La tension militaire monte en Europe où l’OTAN multiplie les manœuvres alentour de la Russie. L’incroyable déploiement militaire des divers jeux de guerre espère compenser l’infériorité technologique de l’Alliance. Contrairement à une idée reçue, les États-Unis et l’OTAN disposent certes d’un armement et d’une capacité de production d’armes quantitativement bien supérieures à celles de la Russie et de la Chine, mais qualitativement inférieures.
Noble Jump est le nom de la manœuvre de l’OTAN qui s’est déroulée du 7 au 9 avril en Allemagne, Hollande, République tchèque et huit autres États européens, où en 48 heures ont été mobilisés des milliers de soldats de la « Force de pointe » à très haute rapidité opérative, faisant partie de la « Force de riposte » de 30 000 soldats.
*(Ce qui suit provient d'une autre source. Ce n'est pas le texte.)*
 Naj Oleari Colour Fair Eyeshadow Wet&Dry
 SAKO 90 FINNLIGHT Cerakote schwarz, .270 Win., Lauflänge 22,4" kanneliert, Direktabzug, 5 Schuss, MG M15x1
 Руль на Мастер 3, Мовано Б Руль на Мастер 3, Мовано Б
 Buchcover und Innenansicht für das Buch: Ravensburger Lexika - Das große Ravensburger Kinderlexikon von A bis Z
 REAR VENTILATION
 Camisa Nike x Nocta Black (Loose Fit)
La seconde phase se déroulera du 9 au 20 juin en Pologne, où seront déployées des troupes provenant d’Allemagne, de Hollande, de République tchèque, de Norvège et d’autres États. On prépare ainsi la Trident Juncture 2015, la manœuvre qui, du 28 septembre au 6 novembre, se déroulera en Italie, Espagne et Portugal avec des unités terrestres, aériennes et navales et avec des forces spéciales de tous les pays de l’OTAN. Avec 25 000 participants, annonce l’US Army Europe, elle sera « la plus grande manœuvre de l’OTAN depuis la chute du Mur de Berlin », qui testera les capacités de la « Force de riposte », dont le rôle — selon un porte-parole de l’OTAN — est de « répondre à une crise avant même qu’elle ne commence », en d’autres termes celui de la « guerre préventive ».
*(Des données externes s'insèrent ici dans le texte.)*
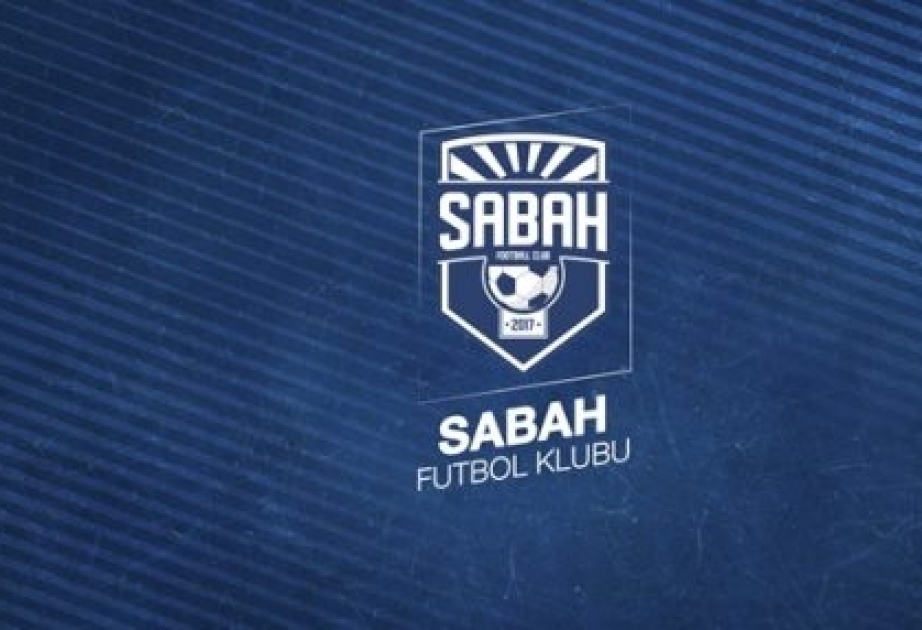 UEFA “Sabah” klubuna lisenziya verib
Celui qui conduira la manœuvre est le JFC Naples, commandement de l’OTAN (avec quartier général à Lago Patria) aux ordres de l’amiral étasunien Mark E. Ferguson III, simultanément commandant des forces navales US en Europe et des forces navales de l’AfriCom. Comme déclare le général étasunien Philip M. Breedlove — commandant suprême allié en Europe (le chef militaire de l’OTAN toujours nommé par le président des États-Unis) —, ces manœuvres constituent « une claire indication que notre Alliance a la capacité et la volonté de répondre aux défis émergents contre la sécurité sur nos flancs méridional et oriental ». C’est-à-dire qu’elle a la capacité et la volonté, en partant des bases en Europe, de faire d’autres guerres en Afrique du Nord et au Moyen-Orient (où se prépare une autre intervention militaire en Libye) et en Europe orientale. Sur le « flanc oriental » l’OtAN, après avoir provoqué l’explosion de la crise ukrainienne, fait de plus en plus pression sur la Russie.
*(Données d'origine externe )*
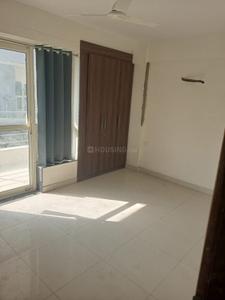 Bedroom Image of 700 Sq.ft 2 BHK Builder Floor for rent in Aya Nagar New Delhi for Rs. 26000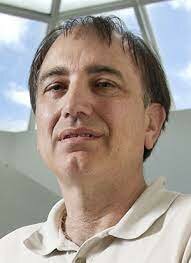 Patrick Hanrahan - Computer graphics researcher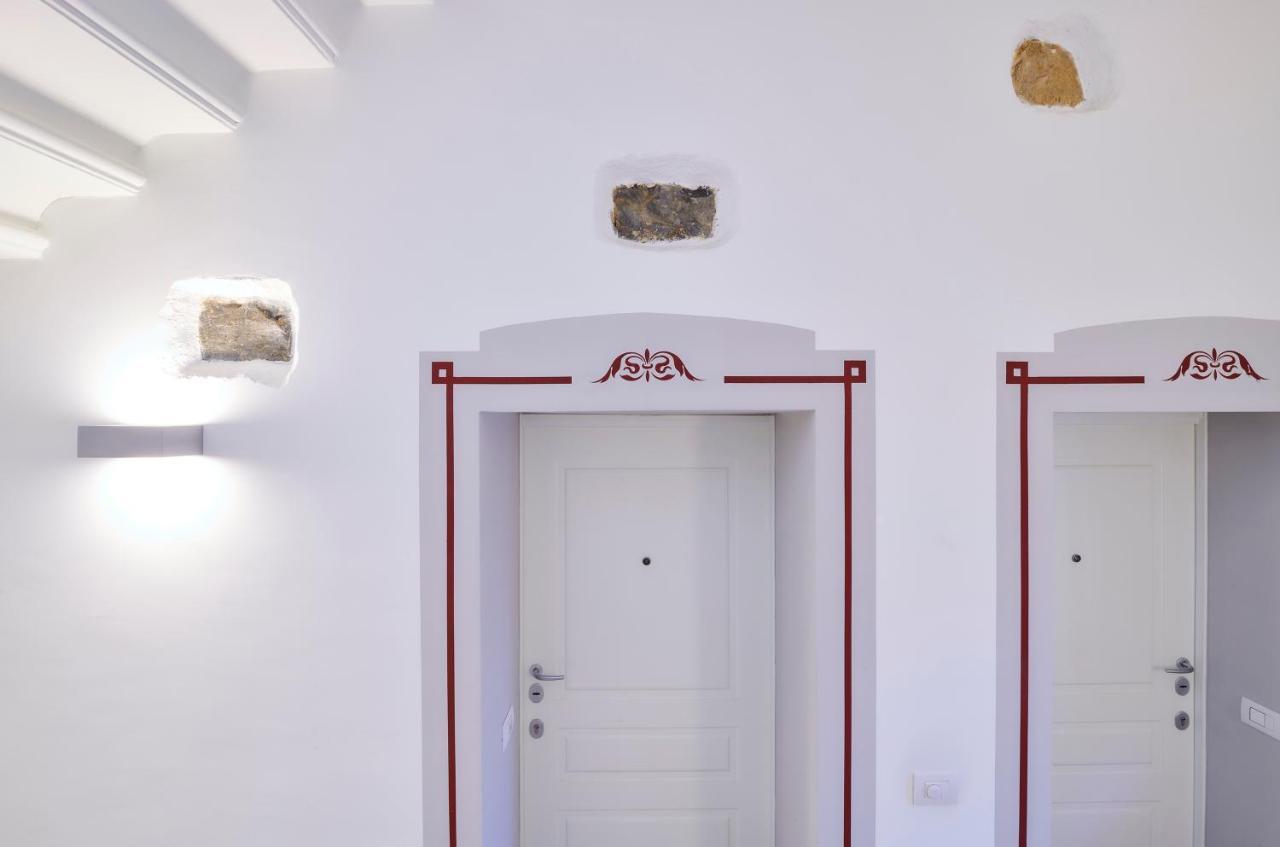Lecco Lake Apartments Villa Liberty Екстериор снимка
La plus grande manœuvre navale de l’OTAN de la série Joint Warrior, destinée à contrer la Russie, avec la participation de plus de 50 navires de guerre et de 70 chasseurs-bombardiers de 14 pays, y compris un groupe naval sous commandement italien, est en cours au large de l’Écosse (11-24 avril). En mer Noire, où en mars s’est déroulée une manœuvre de l’OTAN à laquelle a aussi participé l’Italie, des navires de guerre étasuniens croisent aux limites des eaux territoriales russes. Quand un chasseur-bombardier russe, désarmé mais outillé pour la guerre électronique, a survolé le torpilleur lance-missiles Donald Cook, le Pentagone a protesté contre « cette action provocatrice russe qui viole les protocoles internationaux [1] ». Sont légaux par contre, pour Washington, les drones US Global Hawk qui survolent la mer Noire et l’Ukraine. Où est arrivé de Vicence un convoi US de la 173ème Brigade aéroportée avec armes et équipements pour l’opération Fearless Guardian : l’entraînement, pour une période de six mois, de trois bataillons (de claire inspiration nazie) de la Garde nationale ukrainienne, effectué par environ 300 paras US. Auxquels s’ajoutent des centaines d’instructeurs envoyés par la Grande-Bretagne et le Canada. Ottawa fournit aussi à Kiev des images à haute définition de son satellite Radarsat-2 pour une utilisation militaire.
Et l’Allemagne ? Tandis que d’un côté elle semble se différencier de Washington en traitant avec Moscou, de l’autre elle participe aux manœuvres de l’OTAN sous commandement US contre la Russie et, en même temps, arme la Lituanie en lui offrant même des obusiers automoteurs Panzerhaubitze 2000, qui tirent 12 projectiles de 155 mm à la minute avec une portée de 30 à 40 km. Les mêmes qui ont été utilisés par l’Allemagne dans la guerre de l’OTAN en Afghanistan.